Beni per circa 600mila euro sono stati confiscati a Pietro Raso, di 35 anni di San Ferdinando, coinvolto nel processo “Ares” nato da un’inchiesta sulla cosca Cacciola-Grasso di Rosarno.
In particolare, i carabinieri del Nucleo investigativo del reparto operativo di Reggio Calabria e del gruppo di Gioia Tauro hanno eseguito un decreto di confisca emesso dalla sezione Misure di prevenzione della Corte d’Appello.
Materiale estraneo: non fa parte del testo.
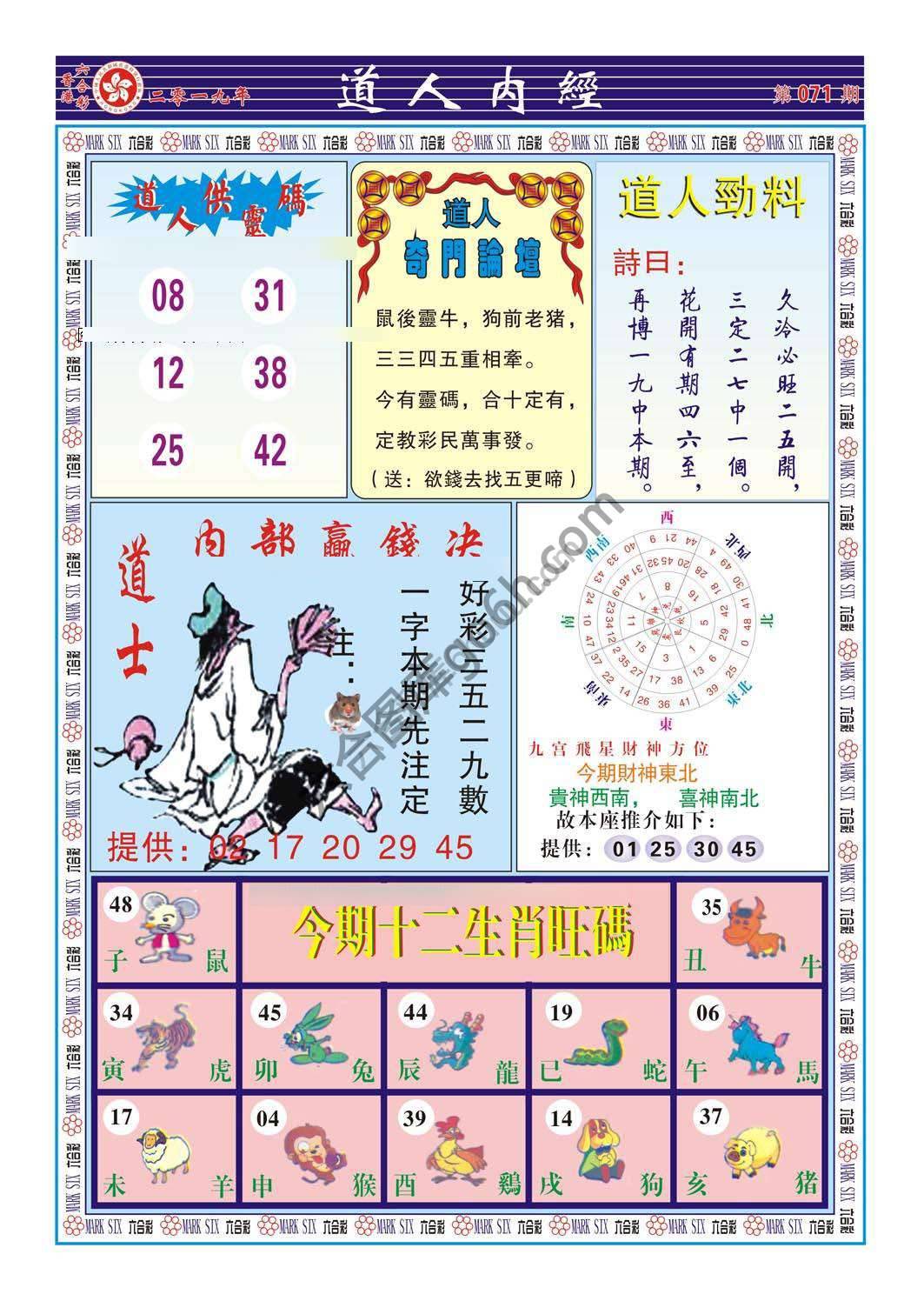 道人内经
Il provvedimento è frutto di una proposta avanzata dalla Procura di Reggio Calabria, diretta da Giuseppe Lombardo, in seguito ad accertamenti svolti dai militari dell’Arma nell’ambito dell’operazione “Ares”, condotta tra il 2015 e il 2018, che aveva acceso i riflettori su un vasto patrimonio ritenuto di origine illecita.
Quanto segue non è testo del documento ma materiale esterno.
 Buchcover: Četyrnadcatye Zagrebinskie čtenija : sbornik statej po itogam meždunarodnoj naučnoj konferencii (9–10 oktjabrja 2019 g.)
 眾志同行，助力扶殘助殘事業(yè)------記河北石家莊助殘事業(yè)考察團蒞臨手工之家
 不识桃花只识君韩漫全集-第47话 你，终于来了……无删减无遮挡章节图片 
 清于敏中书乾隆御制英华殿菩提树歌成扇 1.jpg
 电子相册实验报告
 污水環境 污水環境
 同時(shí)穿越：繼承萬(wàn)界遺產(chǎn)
In totale, sono stati confiscati 14 terreni e 2 fabbricati nel comune di San Ferdinando, un’impresa individuale attiva nella coltivazione di agrumi a Rosarno e un prodotto finanziario.
Tutti i beni risultavano formalmente intestati alla moglie dell’uomo, ma secondo gli accertamenti patrimoniali sarebbero stati nella piena disponibilità di Raso che, lo scorso marzo, dopo un annullamento della Cassazione, è stato condannato a 8 anni e 6 mesi di reclusione dalla Corte d’Appello che lo ha assolto dall’accusa di associazione mafiosa.
Sentenza che, adesso, deve essere valutata dalla Corte di Cassazione.